### What is being asked:
The lines from the start of the data through the line containing "Hi, and welcome" are to be reproduced exactly, both ends included.

──────

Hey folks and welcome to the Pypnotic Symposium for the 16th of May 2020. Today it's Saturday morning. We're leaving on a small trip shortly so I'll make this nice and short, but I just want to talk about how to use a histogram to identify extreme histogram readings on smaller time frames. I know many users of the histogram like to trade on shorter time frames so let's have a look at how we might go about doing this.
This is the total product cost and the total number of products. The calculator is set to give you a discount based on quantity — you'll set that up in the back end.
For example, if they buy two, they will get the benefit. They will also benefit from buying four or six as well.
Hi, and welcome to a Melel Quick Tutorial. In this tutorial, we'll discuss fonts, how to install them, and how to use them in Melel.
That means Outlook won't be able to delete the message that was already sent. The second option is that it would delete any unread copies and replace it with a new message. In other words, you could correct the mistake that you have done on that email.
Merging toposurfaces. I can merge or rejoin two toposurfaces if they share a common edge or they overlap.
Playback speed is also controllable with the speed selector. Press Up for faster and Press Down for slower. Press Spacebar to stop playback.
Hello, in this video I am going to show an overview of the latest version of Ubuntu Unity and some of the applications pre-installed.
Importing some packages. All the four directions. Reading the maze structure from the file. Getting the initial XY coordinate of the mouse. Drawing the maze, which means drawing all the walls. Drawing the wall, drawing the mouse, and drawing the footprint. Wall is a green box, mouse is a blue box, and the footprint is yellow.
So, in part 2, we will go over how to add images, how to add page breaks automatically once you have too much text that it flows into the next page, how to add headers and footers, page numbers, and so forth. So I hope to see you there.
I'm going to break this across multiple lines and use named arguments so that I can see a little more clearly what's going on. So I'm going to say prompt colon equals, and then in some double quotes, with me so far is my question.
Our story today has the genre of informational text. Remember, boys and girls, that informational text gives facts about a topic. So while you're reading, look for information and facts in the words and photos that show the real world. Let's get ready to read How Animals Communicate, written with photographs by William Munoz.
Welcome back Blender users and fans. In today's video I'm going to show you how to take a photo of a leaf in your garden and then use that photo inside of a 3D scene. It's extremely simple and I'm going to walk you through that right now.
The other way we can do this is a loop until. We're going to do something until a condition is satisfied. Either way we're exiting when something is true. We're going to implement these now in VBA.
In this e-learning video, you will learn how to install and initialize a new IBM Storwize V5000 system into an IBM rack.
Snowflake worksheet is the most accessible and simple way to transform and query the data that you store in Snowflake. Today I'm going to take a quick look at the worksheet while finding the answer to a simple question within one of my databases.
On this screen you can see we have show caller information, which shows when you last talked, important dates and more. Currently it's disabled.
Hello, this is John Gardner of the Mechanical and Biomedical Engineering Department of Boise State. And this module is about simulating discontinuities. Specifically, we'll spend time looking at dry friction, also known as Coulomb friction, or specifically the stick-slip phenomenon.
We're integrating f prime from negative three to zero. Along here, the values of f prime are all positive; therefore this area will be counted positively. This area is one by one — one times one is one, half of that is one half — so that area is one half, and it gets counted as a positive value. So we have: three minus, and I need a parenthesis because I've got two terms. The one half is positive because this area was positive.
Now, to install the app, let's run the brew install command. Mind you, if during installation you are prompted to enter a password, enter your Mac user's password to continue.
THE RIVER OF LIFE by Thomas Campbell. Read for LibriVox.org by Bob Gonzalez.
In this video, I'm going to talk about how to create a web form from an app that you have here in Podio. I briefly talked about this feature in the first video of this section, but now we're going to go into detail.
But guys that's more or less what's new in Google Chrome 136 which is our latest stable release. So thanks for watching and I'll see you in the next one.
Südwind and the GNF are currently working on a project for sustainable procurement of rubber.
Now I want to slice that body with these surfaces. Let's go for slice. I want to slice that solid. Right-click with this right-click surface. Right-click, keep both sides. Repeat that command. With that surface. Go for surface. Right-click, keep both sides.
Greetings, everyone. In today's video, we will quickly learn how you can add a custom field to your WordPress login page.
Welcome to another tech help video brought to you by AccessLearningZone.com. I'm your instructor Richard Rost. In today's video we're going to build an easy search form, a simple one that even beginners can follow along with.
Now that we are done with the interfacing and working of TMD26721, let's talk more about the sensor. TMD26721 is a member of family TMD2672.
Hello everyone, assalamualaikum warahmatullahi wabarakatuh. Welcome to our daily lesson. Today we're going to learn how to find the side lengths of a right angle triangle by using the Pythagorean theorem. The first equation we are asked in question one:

──────

### Exercise answer:
Hey folks and welcome to the Pypnotic Symposium for the 16th of May 2020. Today it's Saturday morning. We're leaving on a small trip shortly so I'll make this nice and short, but I just want to talk about how to use a histogram to identify extreme histogram readings on smaller time frames. I know many users of the histogram like to trade on shorter time frames so let's have a look at how we might go about doing this.
This is the total product cost and the total number of products. The calculator is set to give you a discount based on quantity — you'll set that up in the back end.
For example, if they buy two, they will get the benefit. They will also benefit from buying four or six as well.
Hi, and welcome to a Melel Quick Tutorial. In this tutorial, we'll discuss fonts, how to install them, and how to use them in Melel.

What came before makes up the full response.